Vivaldi became a priest when he was 25, and served as a master of violin at an orphanage. Vivaldi suffered from bronchial asthma throughout his life, which kept him from playing wind instruments.

Liszt was very popular when young, and he was quite the playboy. One of his illegitimate daughters become Richard Wagner’s wife. Nevertheless, throughout his life he considered becoming a priest, and took four minor religious orders when 54.

Schubert was famous for his musical parties, which sometimes lasted until dawn. Yet he was very prolific; he wrote more than 20,000 bars of music, including 600 songs. He wrote 8 songs in one day. 

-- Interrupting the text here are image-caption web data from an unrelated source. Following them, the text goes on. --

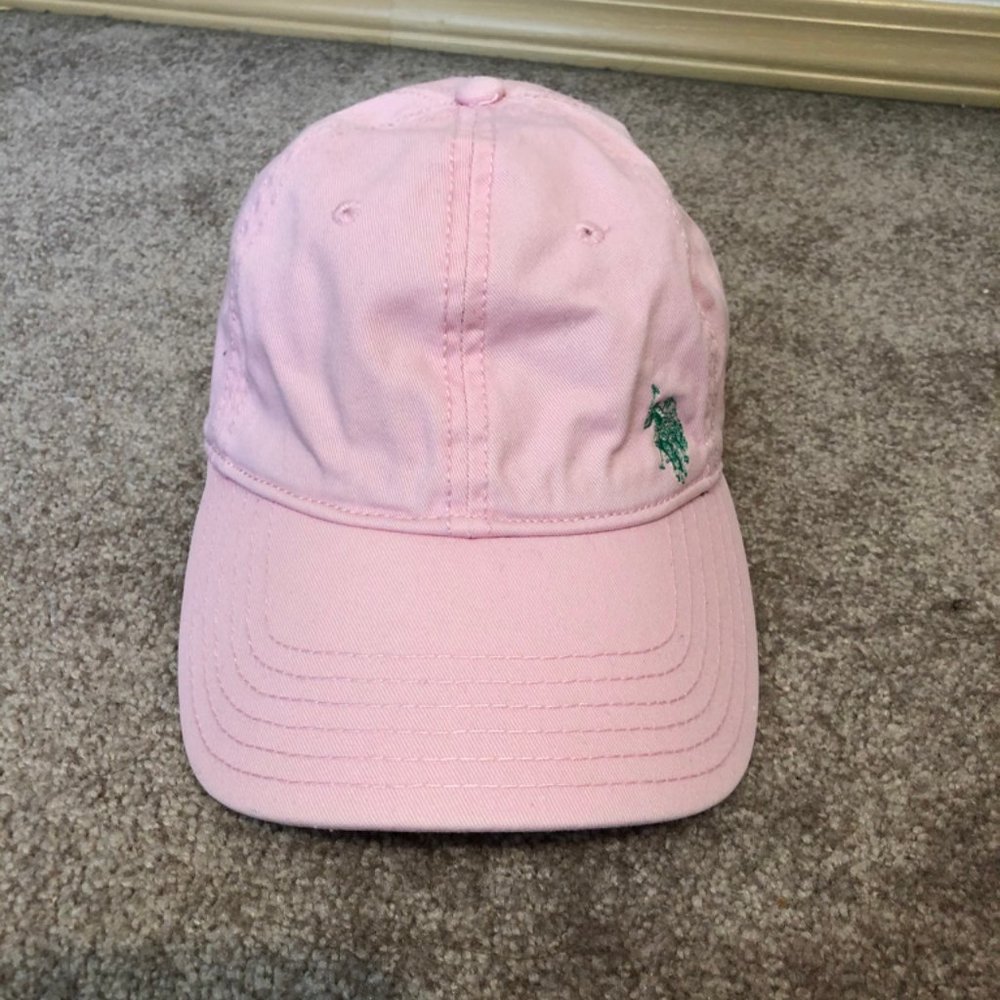 Pink US Polo Assn Vintage cap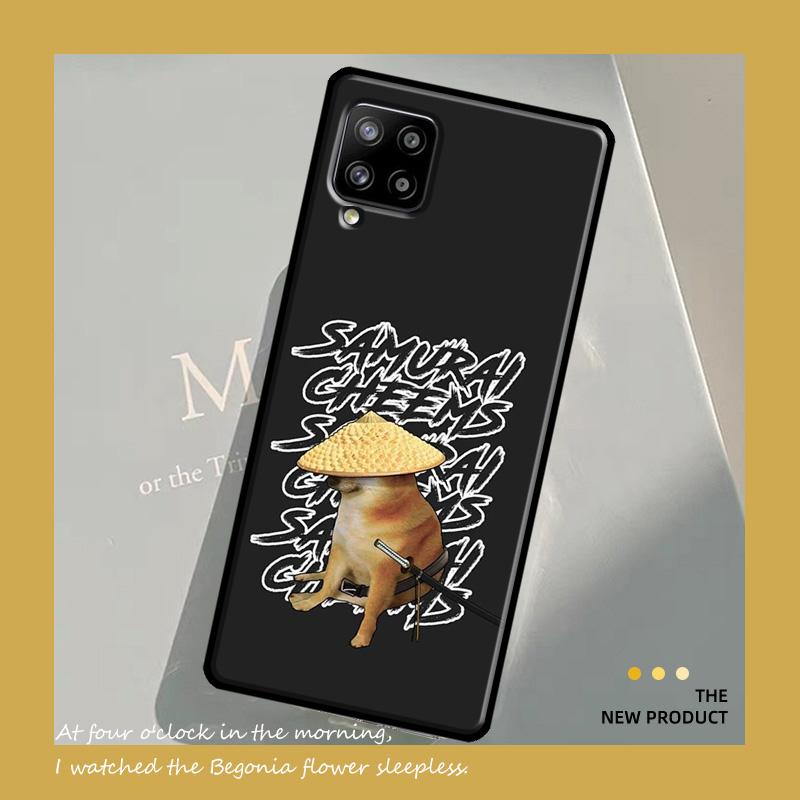 Doge Dog Cheems Meme Case For Samsung Galaxy A54 A34 A13 A23 A33 A53 A73 A12 A22 A32 A52 A51 A71 A14 Cover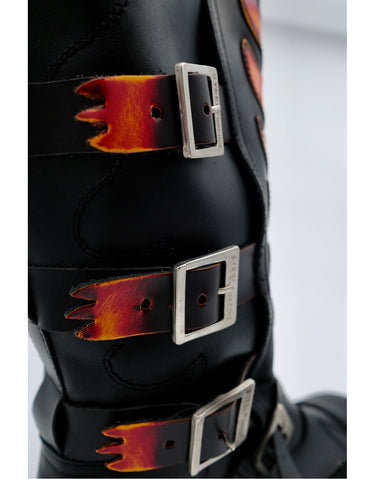 Fire Punk Boot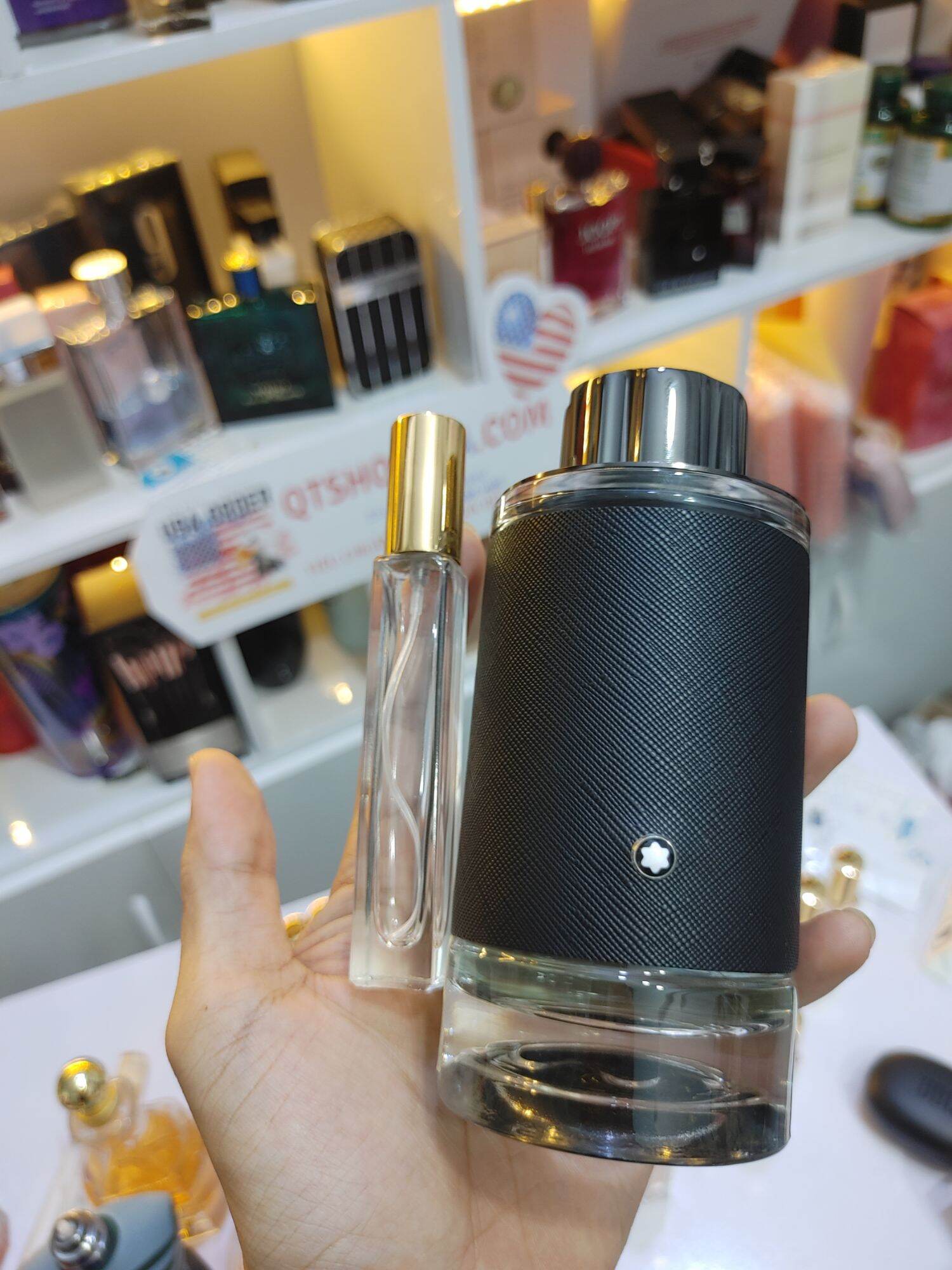 Chiết nước hoa nam 10ml Montblanc Explorer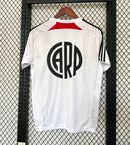 Camisa River Plate Pré Jogo 25/26 - Branco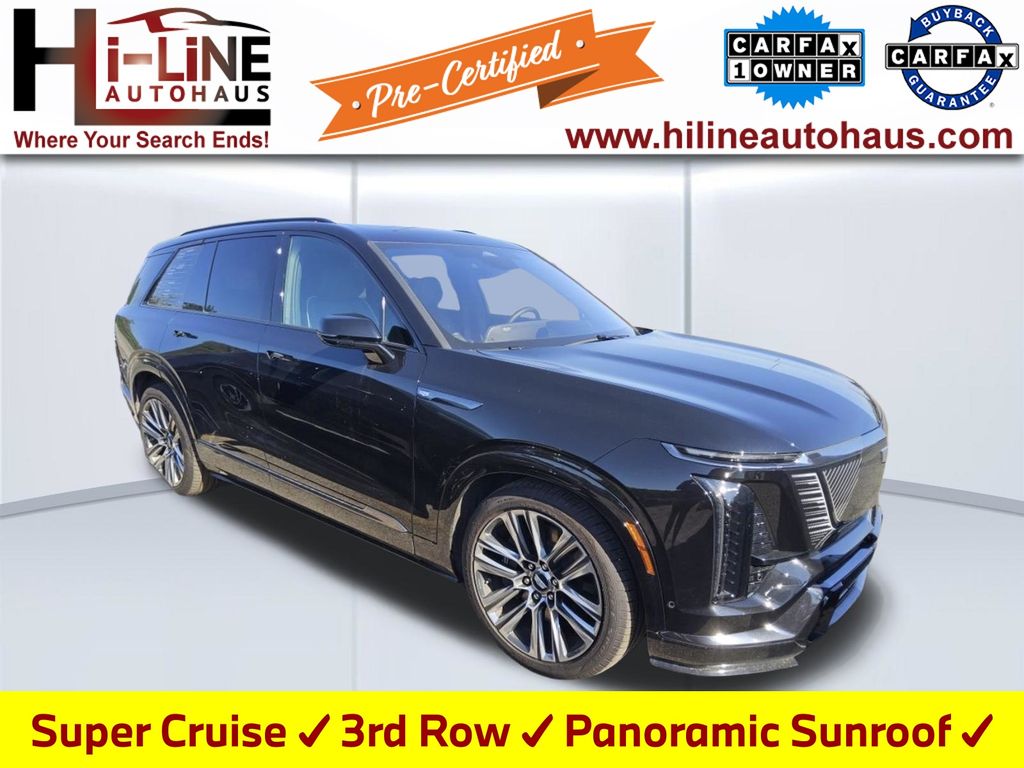 Stellar Black Metallic 2026 Cadillac VISTIQ SUV / Crossover All-Wheel Drive 1-Speed Automatic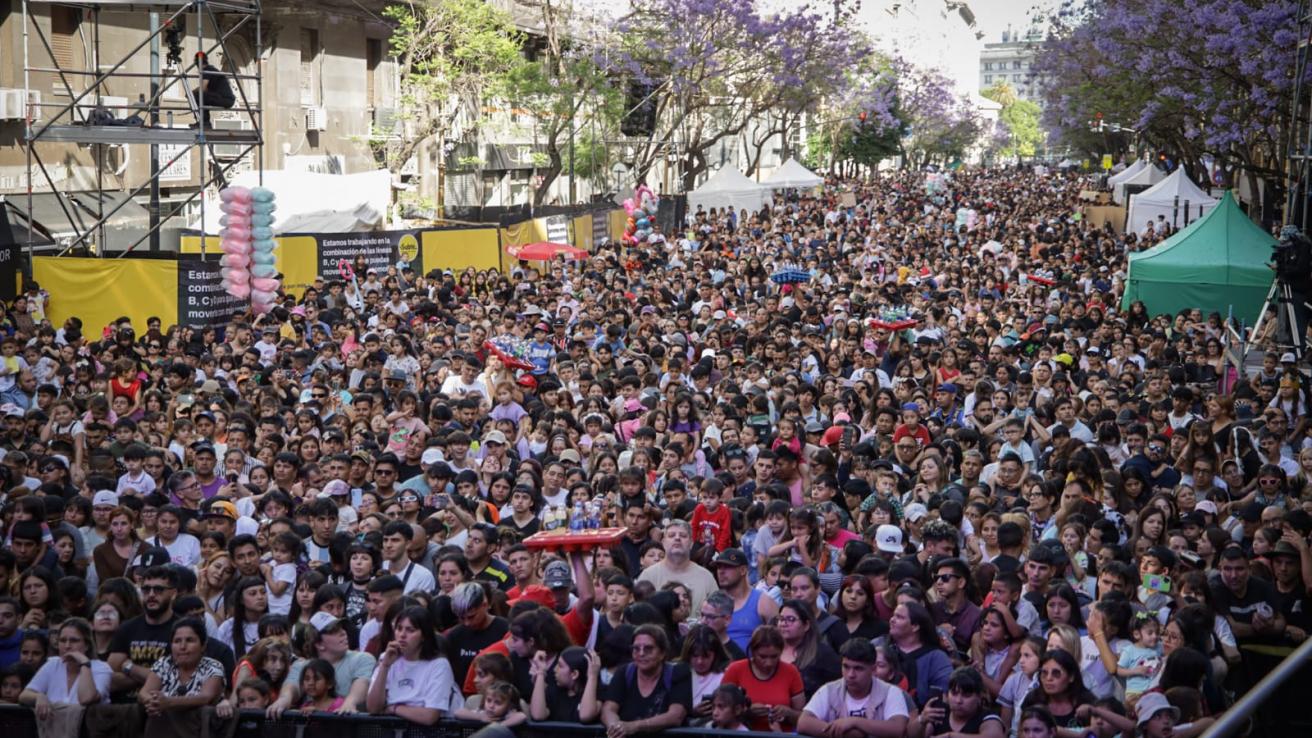 Una multitud disfrutó del festival góspel más grande del país en el Centro porteño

Rachmaninoff's fingers could span 12 keys.  On the other hand 😉, Schumann ruined his performing career by practicing with a homemade finger-stretching device; then he would plunge his hands into slaughtered animals’ entrails to heal himself.

Frederic Handel loved rich food and wine. He would order enough food for three people – for himself. The food caused him gout, and the wine may have caused him lead poisoning. 

Johann Sebastian Bach frequented Leipzig’s Café Zimmermann where he would drink several cups of coffee (which was a luxury beverage at the time). He liked coffee so much he wrote the Coffee Cantata about a woman who was trying to stop her coffee drinking habit.  Bach was also an amateur mathematician, which is evident in his compositions, especially his canons.

Speaking of coffee, Beethoven was so meticulous that he would measure exactly 60 beans when making coffee.

Mozart’s life included many interesting facts. He could write music before he could write words. He could listen to a piece of music just once and be able to write it down from memory perfectly. He wrote half of his symphonies between the age of 8 and 19. was a big cat fan. He would imitate cats when bored during rehearsals. In fact, he liked cats so much that he wrote a song called "The Cat Duet,” in which the husband asks his wife questions and she answers back in meows.